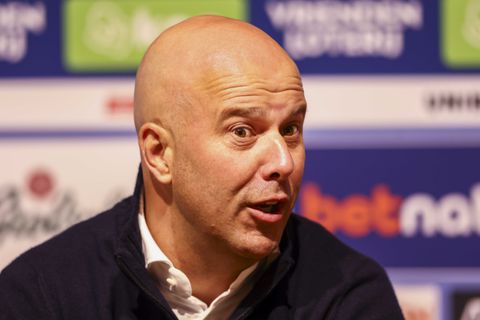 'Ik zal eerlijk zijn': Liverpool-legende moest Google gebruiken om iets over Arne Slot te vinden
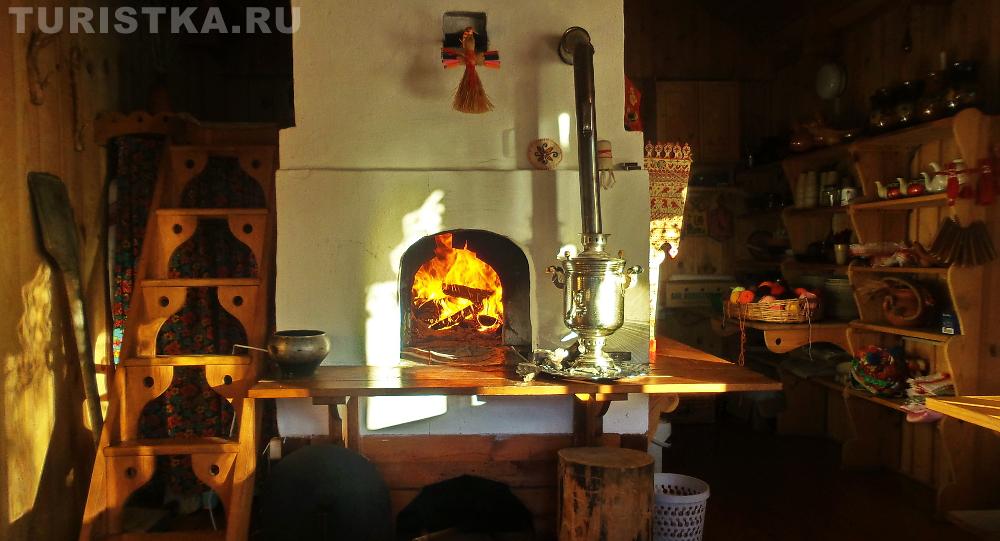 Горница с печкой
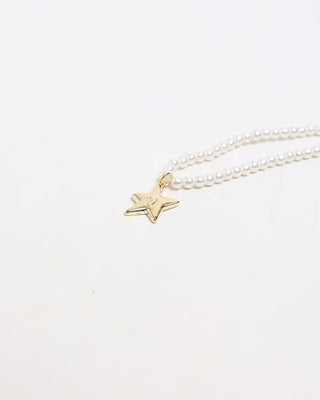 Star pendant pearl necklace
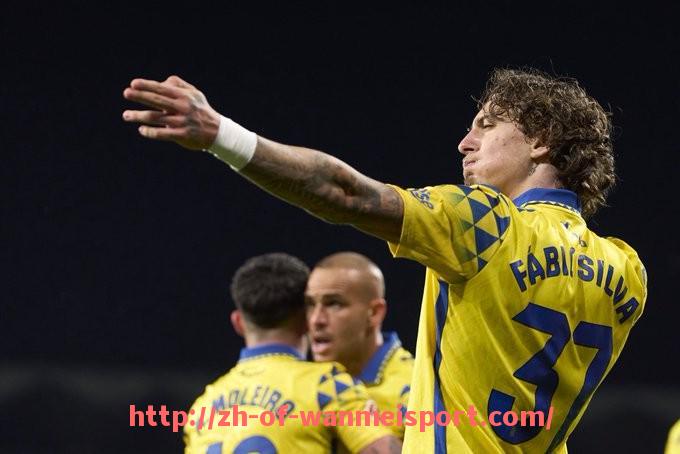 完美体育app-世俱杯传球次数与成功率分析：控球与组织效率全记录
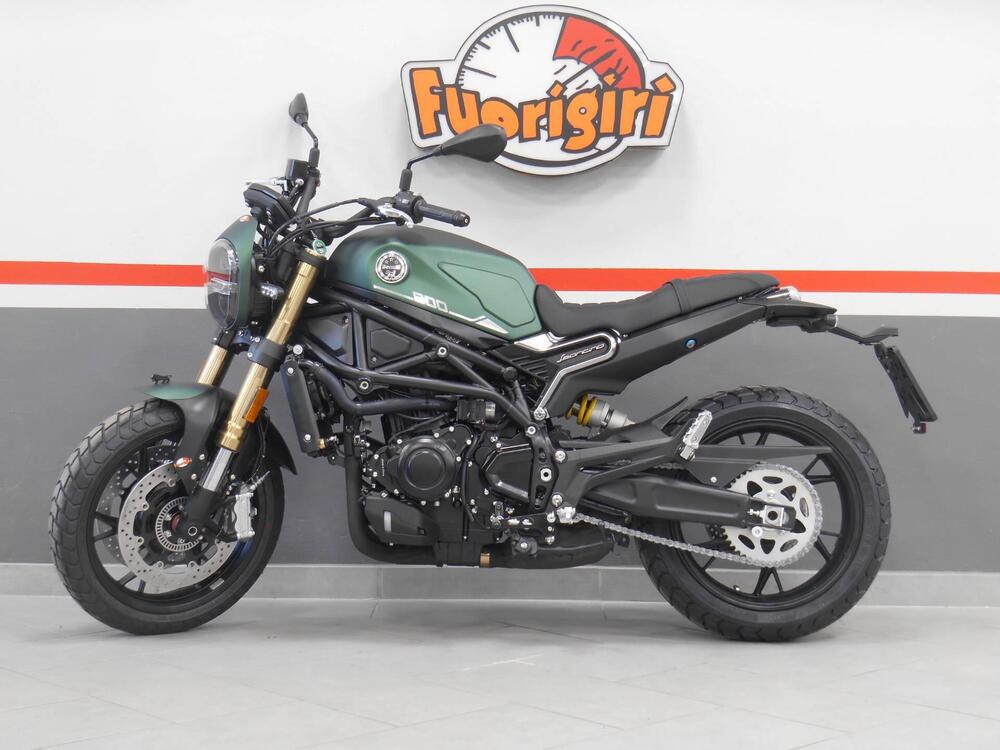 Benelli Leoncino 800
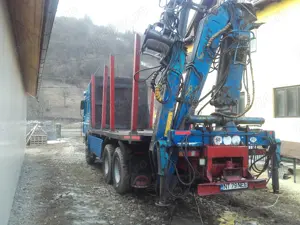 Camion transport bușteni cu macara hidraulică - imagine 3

◆ ◆ ◆ ◆

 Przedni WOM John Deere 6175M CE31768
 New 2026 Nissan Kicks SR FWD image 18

◆ ◆ ◆ ◆

Exercise instructions = Every line above from the one with "Slot te vinden" down to the one with "Camion transport bușteni" must be written out exactly, and no picture may appear.

Finished task =
 'Ik zal eerlijk zijn': Liverpool-legende moest Google gebruiken om iets over Arne Slot te vinden
 Горница с печкой
 Star pendant pearl necklace
 完美体育app-世俱杯传球次数与成功率分析：控球与组织效率全记录
 Benelli Leoncino 800
 Camion transport bușteni cu macara hidraulică - imagine 3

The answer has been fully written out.